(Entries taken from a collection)

"""

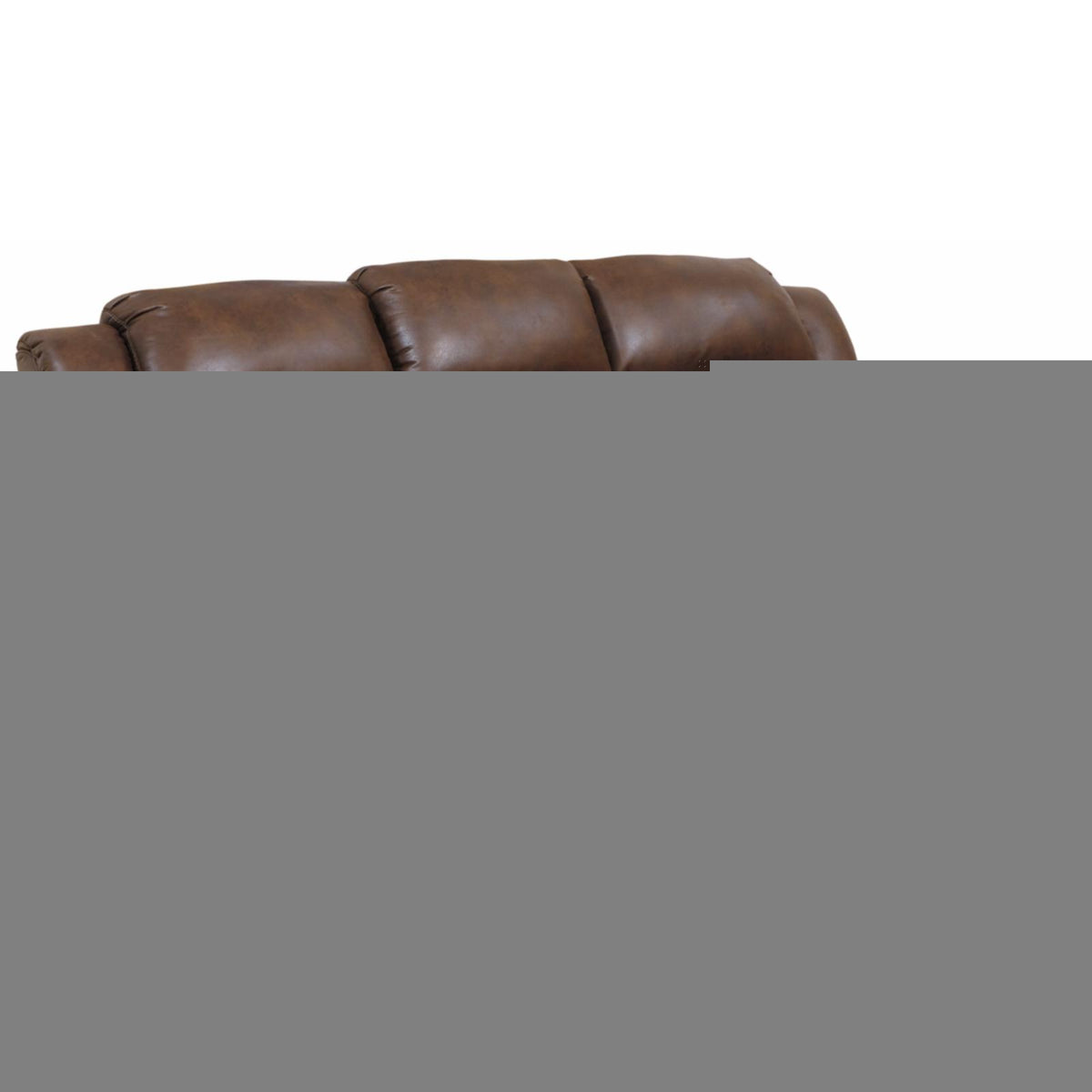 Chocolate Power Reclining Sofa E6808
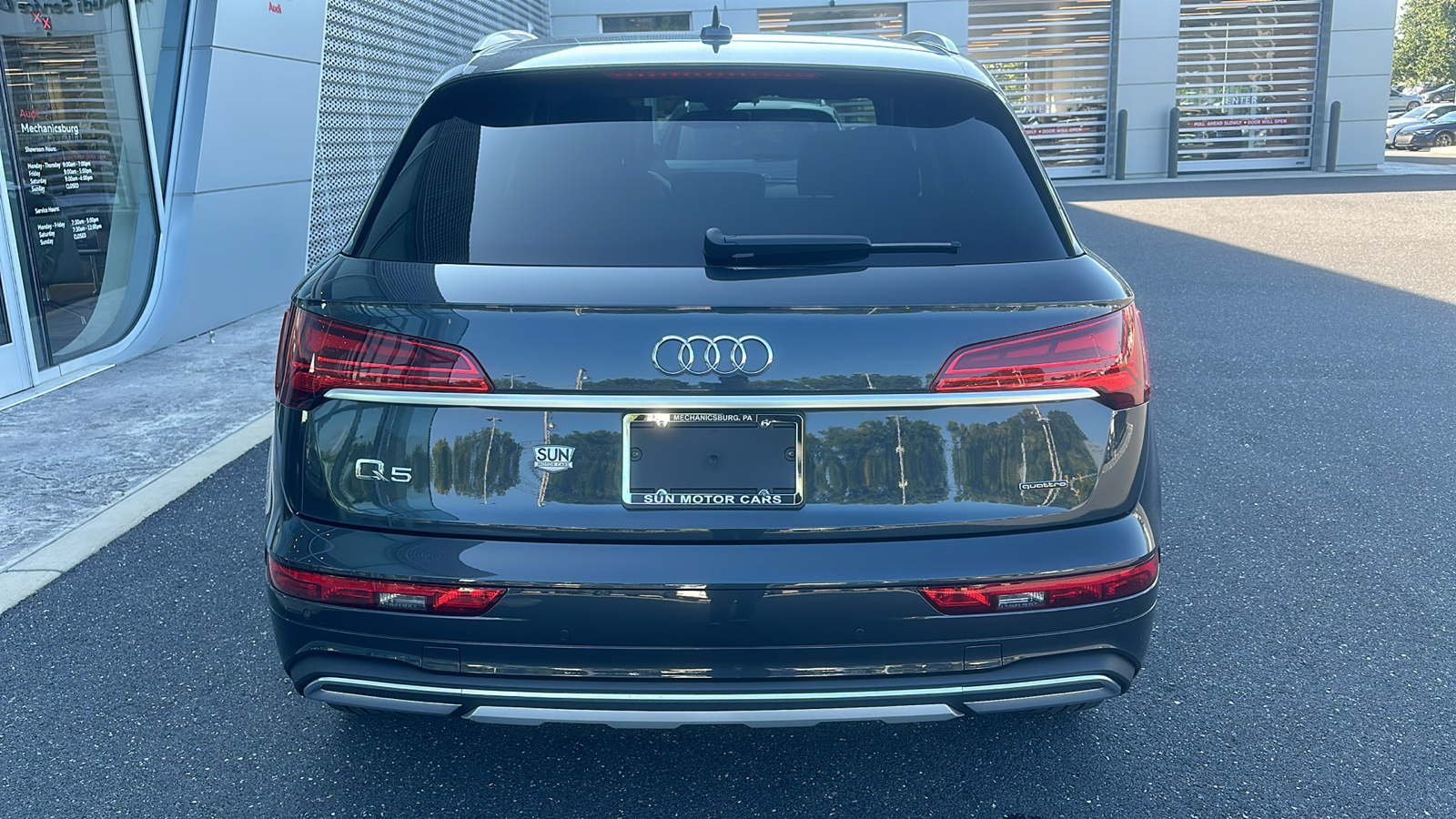 2024 Audi Q5 40 Premium 21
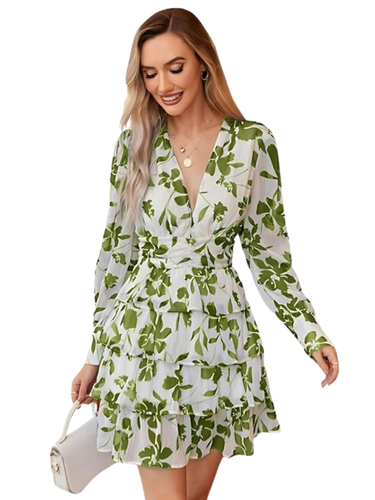 floral frocks for women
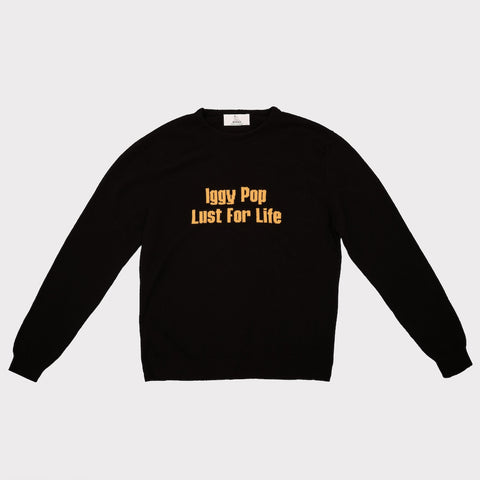 HADES Iggy Pop lust for life jumper product photo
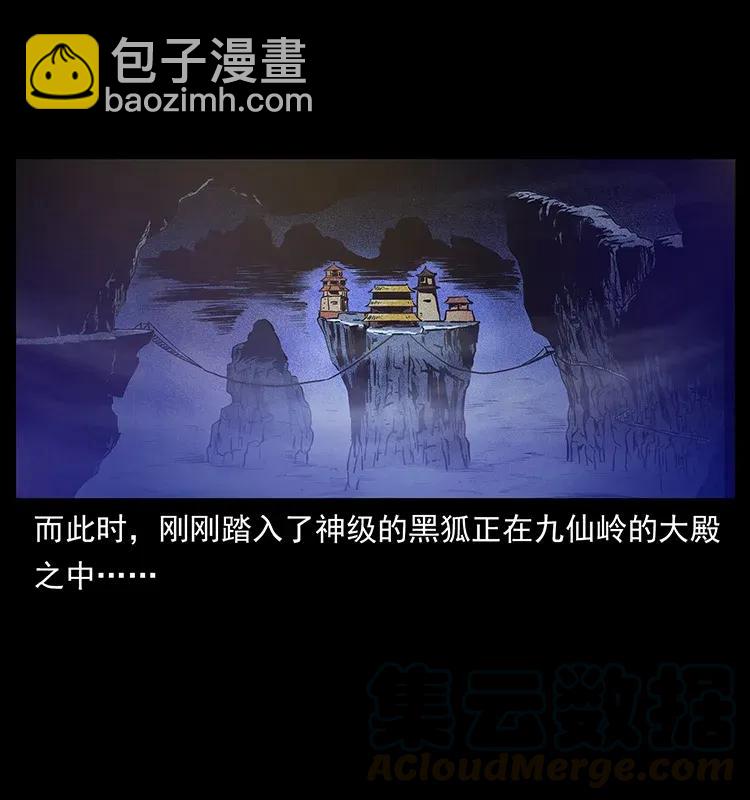 🍜幽冥诡匠 310 黑狐的神仙日子 第5页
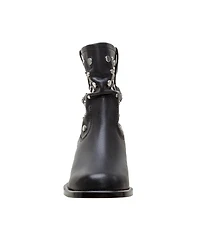 Linea Paolo Terry | Hidden Wedge Heel Casual Bootie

"""

▶ **Goal of the exercise**: When you transcribe the entries, reproduce each line exactly and skip any picture.

▶ **Solution to this task**:
 Chocolate Power Reclining Sofa E6808
 2024 Audi Q5 40 Premium 21
 floral frocks for women
 HADES Iggy Pop lust for life jumper product photo
 🍜幽冥诡匠 310 黑狐的神仙日子 第5页
 Linea Paolo Terry | Hidden Wedge Heel Casual Bootie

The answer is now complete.